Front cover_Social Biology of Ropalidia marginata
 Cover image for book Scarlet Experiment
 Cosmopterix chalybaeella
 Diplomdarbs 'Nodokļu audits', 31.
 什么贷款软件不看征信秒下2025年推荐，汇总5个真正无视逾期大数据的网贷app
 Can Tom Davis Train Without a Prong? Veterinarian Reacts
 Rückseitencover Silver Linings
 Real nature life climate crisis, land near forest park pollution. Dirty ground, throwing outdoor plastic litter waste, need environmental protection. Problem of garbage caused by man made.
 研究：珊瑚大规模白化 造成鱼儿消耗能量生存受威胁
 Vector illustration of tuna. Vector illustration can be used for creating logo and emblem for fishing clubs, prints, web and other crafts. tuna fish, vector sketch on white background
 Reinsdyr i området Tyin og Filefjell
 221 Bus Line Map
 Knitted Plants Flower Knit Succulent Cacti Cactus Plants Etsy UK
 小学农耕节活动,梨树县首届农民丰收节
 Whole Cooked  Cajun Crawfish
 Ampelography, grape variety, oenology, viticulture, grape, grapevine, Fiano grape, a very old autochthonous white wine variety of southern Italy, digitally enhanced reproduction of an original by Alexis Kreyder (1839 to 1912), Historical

##############################

=== PROBLEM ===
The answer must contain only the lines from the one with "Vector illustration of" to the end of the entries above, each written out exactly.

=== RESPONSE FOR THIS EXERCISE ===
 Vector illustration of tuna. Vector illustration can be used for creating logo and emblem for fishing clubs, prints, web and other crafts. tuna fish, vector sketch on white background
 Reinsdyr i området Tyin og Filefjell
 221 Bus Line Map
 Knitted Plants Flower Knit Succulent Cacti Cactus Plants Etsy UK
 小学农耕节活动,梨树县首届农民丰收节
 Whole Cooked  Cajun Crawfish
 Ampelography, grape variety, oenology, viticulture, grape, grapevine, Fiano grape, a very old autochthonous white wine variety of southern Italy, digitally enhanced reproduction of an original by Alexis Kreyder (1839 to 1912), Historical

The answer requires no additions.